Flex is a tool for generating scanners: programs which performs lexical analysis phase. Flex reads the given input files for a description of the scanner to generate. The description is in the form of pairs of regular expressions and C code, called rules. Flex generates as output a C source file, lex.yy.c', which defines a routine yylex. Compile and link this file with the
-lfl' library to produce an executable. When the executable runs, it analyzes its input for occurrences of the regular expressions. Whenever it finds one, it executes the corresponding C code.
In our project we also used flex to generate tokens for bison. Performing lexical analysis and generating token using flex is a much simpler task.
Bison is a general-purpose parser generator that converts a grammar description (Bison Grammar Files) for an LALR(1) context-free grammar into a C program to parse that grammar i.e syntax analysis. The Bison parser is a bottom-up parser.
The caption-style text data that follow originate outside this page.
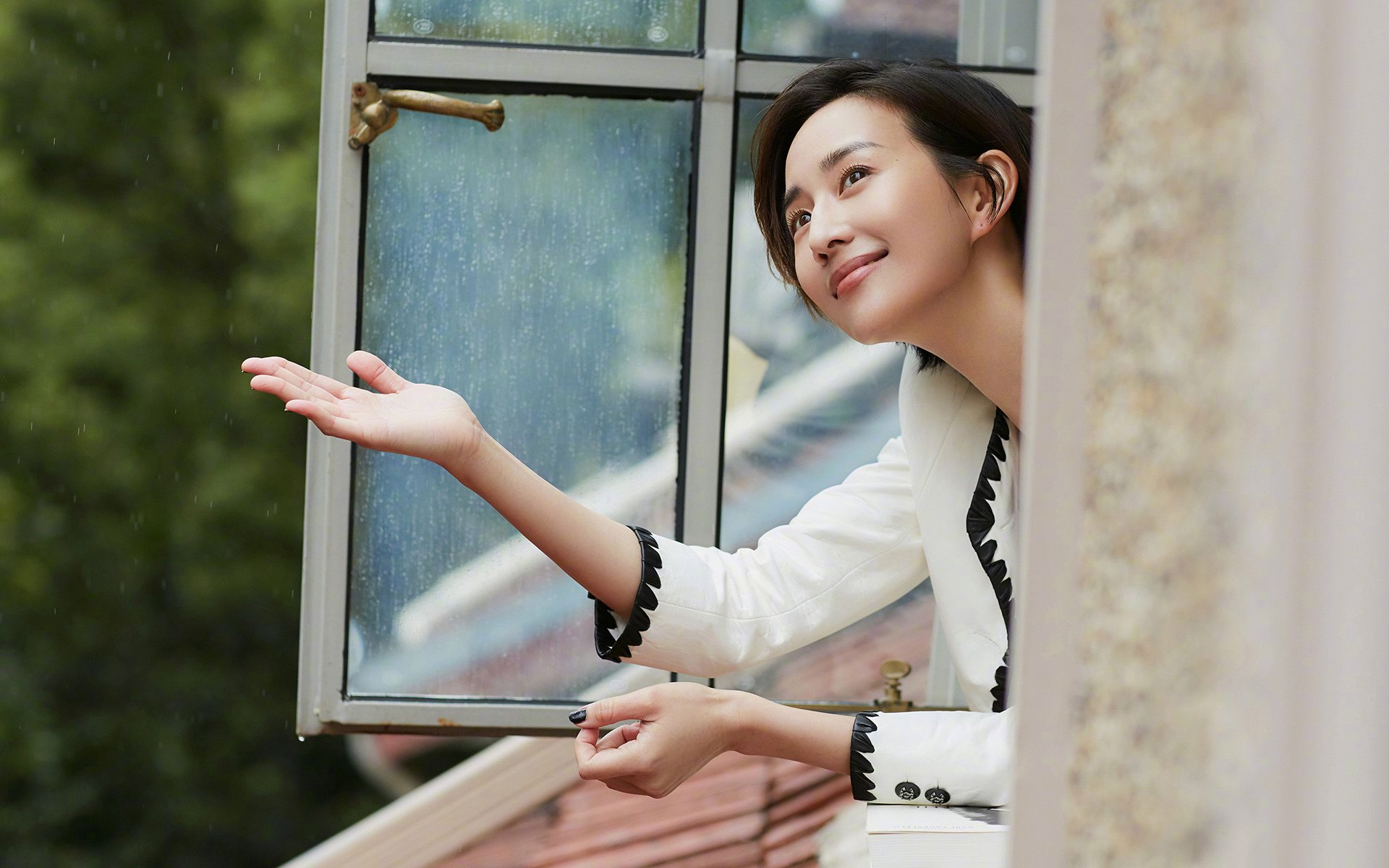 _激战正酣:巴黎大师赛劲战即将打响_,巴黎大师赛比赛时间2020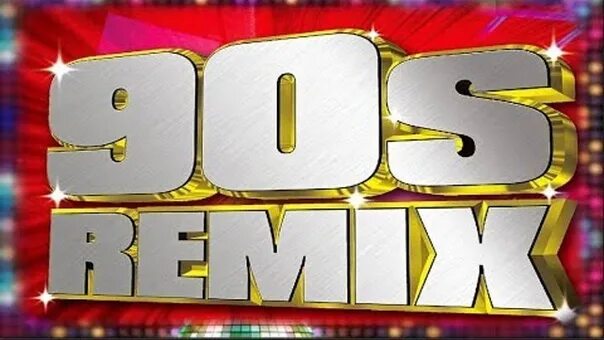 Ремиксы на хиты 80 90 х. Ремикс 90. ремиксы 90х. дискотека 90 ремикс. disco remix 90-х.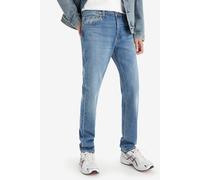 Levi's 511™ Slim Jeans Talla: W29L32 | Outlet | Hombre |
It tries, by shifts and reductions, to reduce the entire input down to a single grouping whose symbol is the grammar's start-symbol.
Similarly Bison can be used to perform Semantic Analysis by building an AST and evaluating its nodes values using C/C++ code.
In our project we used Bison,
- To define our grammar
- To parse the grammar
- Print the parse tree generated by the grammar.
Our grammar is as follows:
pgmstart : TYPE ID '(' ')' STMTS
;
STMTS : '{' STMT1 '}'
;
STMT1 : STMT STMT1
|
;
STMT : STMT_DECLARE //all types of statements
| STMT_ASSGN
| STMT_IF
| STMT_WHILE
| STMT_SWITCH
| ';'
;
STMT_DECLARE : TYPE ID IDS //setting type for that line
;
STMT_ASSGN : ID ASGN EXP ';'
;
STMT_IF : IF EXP STMT %prec IF
| IF EXP STMT ELSE_STMT
| IF EXP STMTS ELSE_STMT
;
ELSE_STMT : ELSE STMT
| ELSE STMTS
|
;
STMT_WHILE : WHILE EXP WHILEBODY
;
WHILEBODY : STMTS
| STMT
;
STMT_SWITCH : SWITCH EXP '{' SWITCHBODY '}'
;
SWITCHBODY : CASES
| CASES DEFAULTSTMT
;
CASES : CASE NUM ':' SWITCHEXP BREAKSTMT
|
;
BREAKSTMT : BREAK ';' CASES
| CASES
;
DEFAULTSTMT : DEFAULT ':' SWITCHEXP DE
;
DE : BREAK ';'
|
;
SWITCHEXP : STMTS
| STMT
;
IDS : ';'
| ',' ID IDS
;
TYPE : INT
| FLOAT
| VOID
;
EXP : EXP LT EXP
| EXP LE EXP
| EXP GT EXP
| EXP GE EXP
| EXP NE EXP
| EXP EQ EXP
| EXP '+' EXP
| EXP '-' EXP
| EXP '*' EXP
| EXP '/' EXP
| EXP LOR EXP
| EXP LAND EXP
| EXP BOR EXP
| EXP BXOR EXP
| EXP BAND EXP
| EXP INC
| EXP DEC
| '(' EXP ')'
| ID
| NUM
| DNUM
;
To run the compiler navigate to the "cc_project_gui.py" and run the file using python3.
Note: Make sure that the prog and parser output files are in the same directory as the python script.